Standardize numeric features using training means and sds:

scale_numeric <- function(df, num_vars, center, scale) {
  df |>
    mutate(across(all_of(num_vars), ~ (.x - center[cur_column()]) / scale[cur_column()]))
}

num_means <- sapply(train[, num_vars, drop = FALSE], mean, na.rm = TRUE)
num_sds   <- sapply(train[, num_vars, drop = FALSE], sd,   na.rm = TRUE)

train_scaled <- scale_numeric(train, num_vars, num_means, num_sds)
valid_scaled <- scale_numeric(valid, num_vars, num_means, num_sds)
test_scaled  <- scale_numeric(test,  num_vars, num_means, num_sds)
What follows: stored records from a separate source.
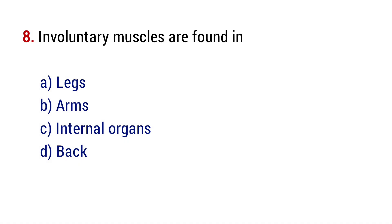Question number 8. Involuntary muscles are found in? The right answer is option C, internal organs.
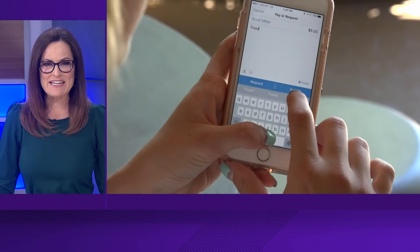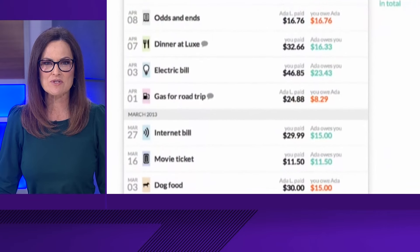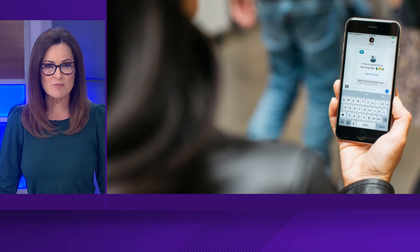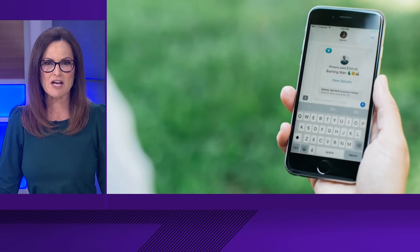Venmo users can now schedule payments and requests. You can set up one time or recurring payments for bills like rent or utilities. A reminder will be sent before the payment, and if needed, Venmo will use your bank account. The new feature is rolling out right now and will become more widely available to users in the coming weeks.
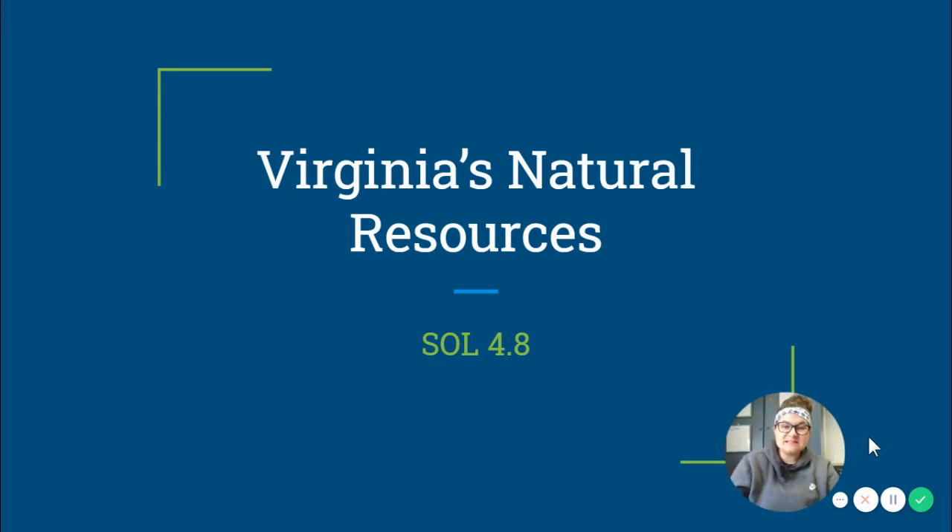Hi everybody, my name is Ms. Heaney and today we are going to be learning about Virginia's natural resources.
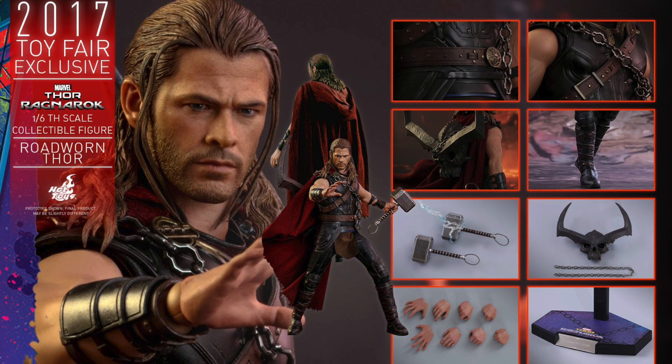But what do you big kids think? Are you going to pick up the Road Worn Thor Toy Fair exclusive? Do you love it? Do you hate it? Let me know in the comments below. And for the full pic gallery and pre-order information, go to Sideshow Collectibles.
One-hot encode categorical predictors using model.matrix():

make_design_matrix <- function(df) {
  mm <- model.matrix(
    ~ . - 1, 
    data = df |>
      select(-y) |>
      mutate(across(all_of(cat_vars), ~ factor(.x)))
  )
  as.matrix(mm)
}

X_train <- make_design_matrix(train_scaled)
X_valid <- make_design_matrix(valid_scaled)
X_test  <- make_design_matrix(test_scaled)

# Response as 0/1
y_train <- as.numeric(train_scaled$y == "yes")
y_valid <- as.numeric(valid_scaled$y == "yes")
y_test  <- as.numeric(test_scaled$y == "yes")

dim(X_train)

## [1] 3616   31

length(y_train)

## [1] 3616

Step 4: Deep network architecture — design choices

We now design a fully connected DNN for binary classification.

Key design components:

Depth and width:
- Start with 2–3 hidden layers (depth).
- Number of units per layer trade off capacity and overfitting; a common heuristic is 2–4 times the input dimension or a decreasing pattern (e.g., 128 → 64 → 32).
Activation functions:
- Hidden layers: ReLU (or variants) to avoid vanishing gradients.
- Output layer: sigmoid for binary classification.
Loss and optimization:
- Binary cross-entropy loss.
- Adam optimizer with a moderate learning rate (e.g., 1e-3).
Regularization:
- L2 weight decay on dense layers.
- Dropout layers between dense layers (e.g., dropout rate 0.3–0.5).
Validation and early stopping:
- Monitor validation loss.
- Use EarlyStopping callback with patience to stop training when performance stops improving.

Mathematically, each hidden layer is \[ h^{(\ell)} = \max(0, W^{(\ell)} h^{(\ell-1)} + b^{(\ell)}), \] and dropout randomly sets a fraction \(p\) of units to zero during training, approximating an ensemble of thinned networks and acting as a regularizer.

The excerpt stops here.